About 80 kits were produced, covering warplanes and civil aircraft from the Great War to the 1940s, with a preponderance of British subjects. The kits were composed of unpainted wooden parts, with metal details. The range was extended by a selection of matching airfield buildings, plus airfield and military vehicles and personnel.
A notable feature of the Skybirds range was the supporters association called the Skybird League, founded in 1933. A quarterly illustrated magazine mostly written by Stevens encouraged the growth of a loyal customer community: by 1945 there were 18,000 enrolled members!
Let’s have a look at the range, by taking as an example a little-known aircraft that was a stable-mate of the famous Hawker Hurricane, the Hawker Henley.
To understand the Henley, we need some background. In the run-up to the Second World War, the German Luftwaffe and the Royal Air Force held completely different views of what bombing was all about.

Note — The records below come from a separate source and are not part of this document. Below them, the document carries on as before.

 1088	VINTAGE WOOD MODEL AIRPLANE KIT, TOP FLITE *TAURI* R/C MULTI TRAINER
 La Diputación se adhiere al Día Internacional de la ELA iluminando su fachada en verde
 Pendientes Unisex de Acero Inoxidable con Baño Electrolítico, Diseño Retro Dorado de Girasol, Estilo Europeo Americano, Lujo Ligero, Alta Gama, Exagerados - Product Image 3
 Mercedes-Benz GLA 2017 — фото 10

For the Luftwaffe, the goal was to provide support to the ground forces while they conducted lightning offensives intended to achieve swift victories. For the RAF, who were expecting a more static and drawn-out war, the objective was to bomb the enemy means of production and supply.

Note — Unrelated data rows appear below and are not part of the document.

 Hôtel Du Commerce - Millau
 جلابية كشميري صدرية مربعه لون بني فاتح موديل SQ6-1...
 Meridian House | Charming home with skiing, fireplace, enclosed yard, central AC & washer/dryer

As a part of the RAF vision of bombing, light bombers would be used to attack targets like warehouses, railways and bridges short distances behind the front lines. This was the role intended for the Hawker Henley, which first flew in 1937. The aircraft has a vague resemblance to the Hurricane which was developed by Hawker at the same time (sharing the outer wing and tail components), and was also powered by a Merlin engine. It was quite fast, with a maximum speed of about 300mph, and carried a 500lb bomb in an internal bomb bay. A 2-man crew included a rear gunner for defence.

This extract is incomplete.